Objective and Subjective Evaluations in Speech Enhancement

The paper presents a comprehensive analysis of speech enhancement methods evaluated in the Unsupervised Domain Adaptation of Speech Enhancement (UDASE) task of the 7th CHiME challenge. Authors Simon Leglaive, Matthieu Fraticelli, Hend ElGhazaly, Léonie Borne, Mostafa Sadeghi, Scott Wisdom, Manuel Pariente, John R. Hershey, and Daniel Pressnitzer delve into both objective and subjective assessments of systems that participated in the challenge, which focuses on leveraging real-world noisy recordings for unsupervised domain adaptation of speech enhancement models.

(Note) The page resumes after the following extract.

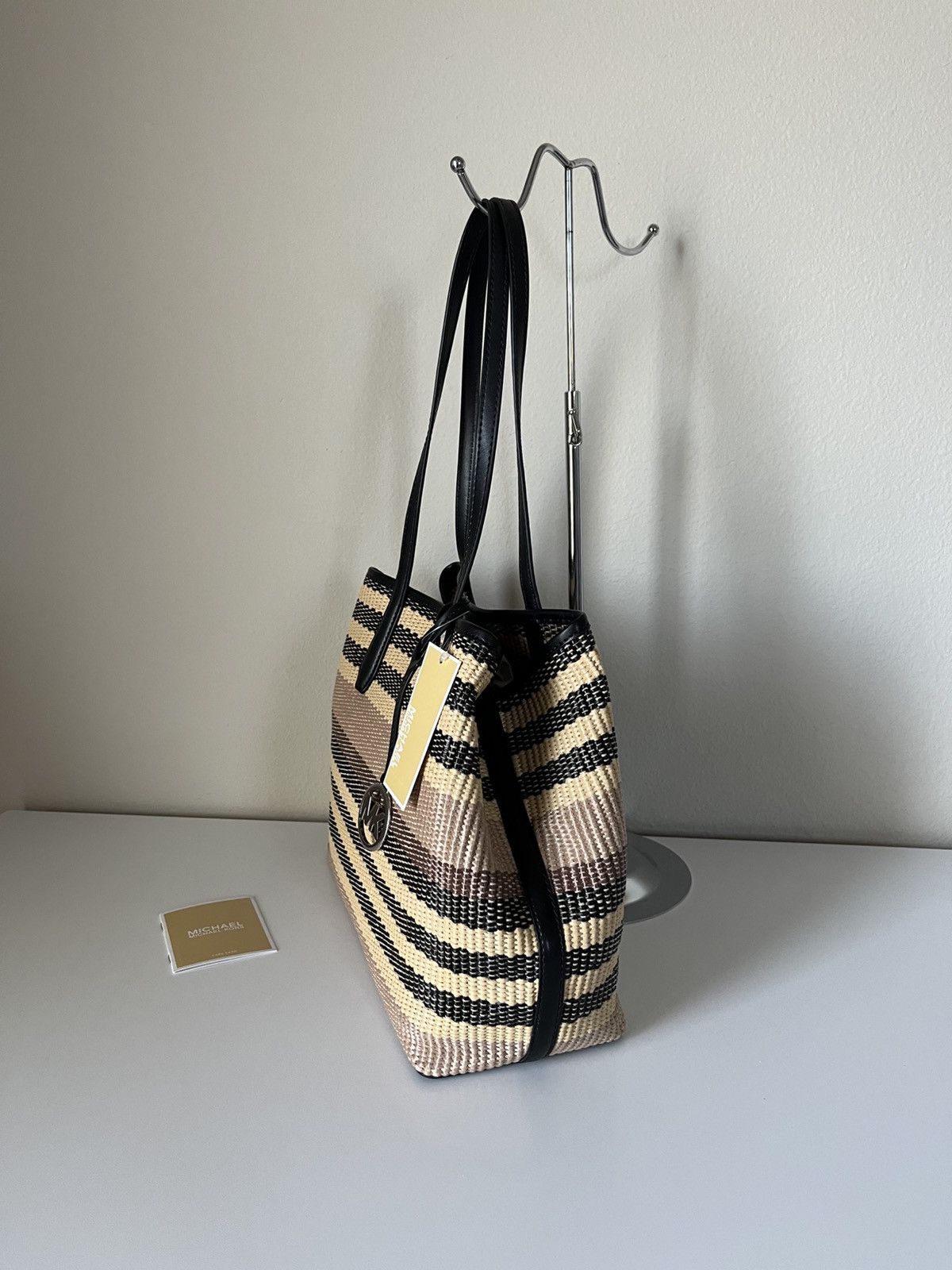 Michael Kors Michael Kors Avalon Medium Striped Woven Tote Bag Size ONE SIZE - 4 Thumbnail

The Challenge of Domain Adaptation

In the realm of speech enhancement, models tend to be trained on artificially generated datasets composed of clean speech mixed with noise. The gap between these synthetic conditions and the real-world's complexity can lead to decreased performance when encountering environments not reflected in the training data. The UDASE task confronts this challenge, targeting the adaptation of models to real unlabeled noisy speech data, emulating human auditory adaptability.

Methodologies and Findings

For objective evaluation, the paper discusses results obtained from a range of performance metrics. Notably, a clear discrepancy is observed among these metrics when ranking the speech enhancement systems, which underscores the contrast between traditional intrusive metrics like Signal-to-Distortion Ratio (SDR) and nonintrusive metrics like DNSMOS and TorchAudio-Squim. The authors found that while the nonintrusive measures may present generalization issues, intrusive metrics on a synthetic dataset closely mirroring in-domain data—a dataset they call reverberant LibriCHiME-5—provided consistent and reliable rankings.

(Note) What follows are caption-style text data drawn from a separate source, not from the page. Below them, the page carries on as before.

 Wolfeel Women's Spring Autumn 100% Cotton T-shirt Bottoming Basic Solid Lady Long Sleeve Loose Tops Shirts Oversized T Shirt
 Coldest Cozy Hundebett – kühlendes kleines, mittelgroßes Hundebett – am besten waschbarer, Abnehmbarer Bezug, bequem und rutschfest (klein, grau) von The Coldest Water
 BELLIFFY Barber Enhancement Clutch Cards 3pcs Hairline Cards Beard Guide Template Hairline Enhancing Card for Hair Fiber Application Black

Subjective evaluation was conducted using ITU-T P.835 methodology, which consists of listening tests designed to capture human perception of speech quality in the presence of background noise. Participants rated the quality of speech, and noise intrusiveness, and provided an overall quality rating for each system. This subjective evaluation yielded insightful results, particularly that only one of the evaluated systems managed to improve overall speech quality over the unprocessed noisy speech, despite all systems effectively reducing background noise.

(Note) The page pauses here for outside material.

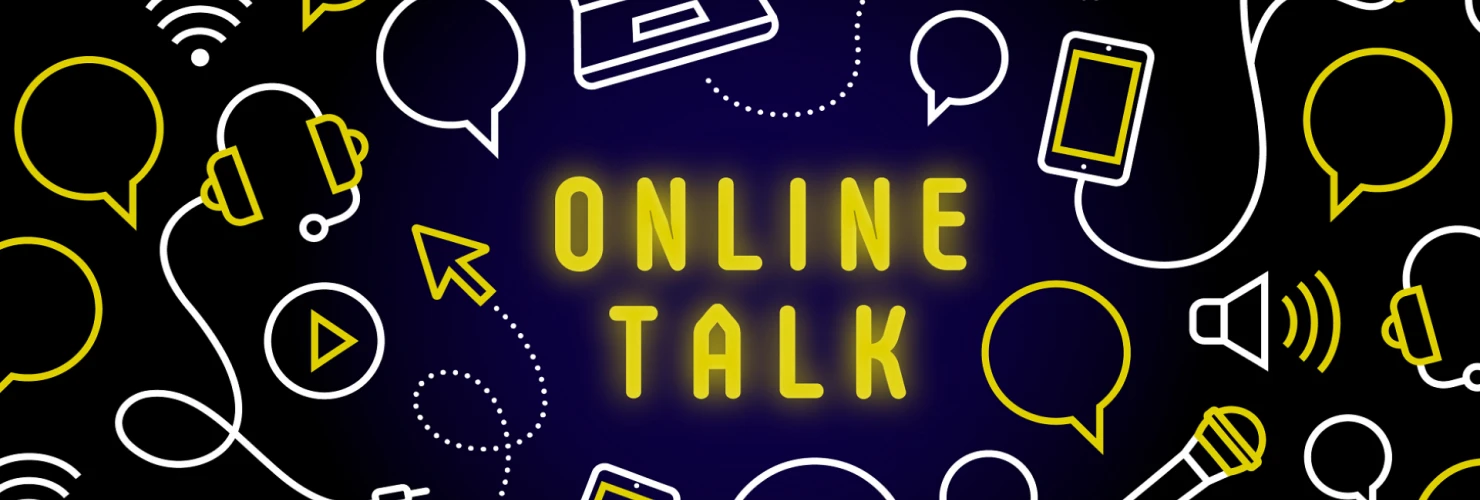 Das Bild zeigt ein lebhaftes Grafikdesign mit dem Thema "Online Talk", zentral in gelben Großbuchstaben gegen einen dunklen Hintergrund mit gelben und weißen Linien und Symbolen. Verschiedene Symbole wie Computer, Tablets, Smartphones, Mikrofone und Lautsprecher, zusammen mit Sprechblasen und Symbolen für Wi-Fi und Videoplay, sind über das gesamte Bild verteilt, verbunden durch gepunktete Linien, die Kommunikationswege darstellen. Die Farben Gelb und Schwarz dominieren das Bild, wobei Gelb für die Hauptelemente und Texte verwendet wird.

Correlation Between Objective and Subjective Metrics

The paper inspects the correlation between objective metrics and subjective listening test results, finding that the majority of nonintrusive objective metrics poorly correlated with subjective opinions. However, the DNSMOS background noise intrusiveness metric showed a strong correlation with the equivalent subjective assessment, suggesting it's a reliable measure in certain aspects.

Conclusion

Concluding the study, the authors highlight that while reverberant LibriCHiME-5 can approximate in-domain performance with traditional intrusive metrics, the full potential of unsupervised domain adaptation for speech enhancement, without clean speech labels, remains a challenging task. This substantial analysis shared with the community serves as a valuable resource for future research in speech enhancement and domain adaptation techniques.

The study's dataset and the JavaScript experimental platform developed for the listening tests are made publicly available, encouraging replication and further research, and emphasizing the collaborative ethos in advancing the field of speech enhancement.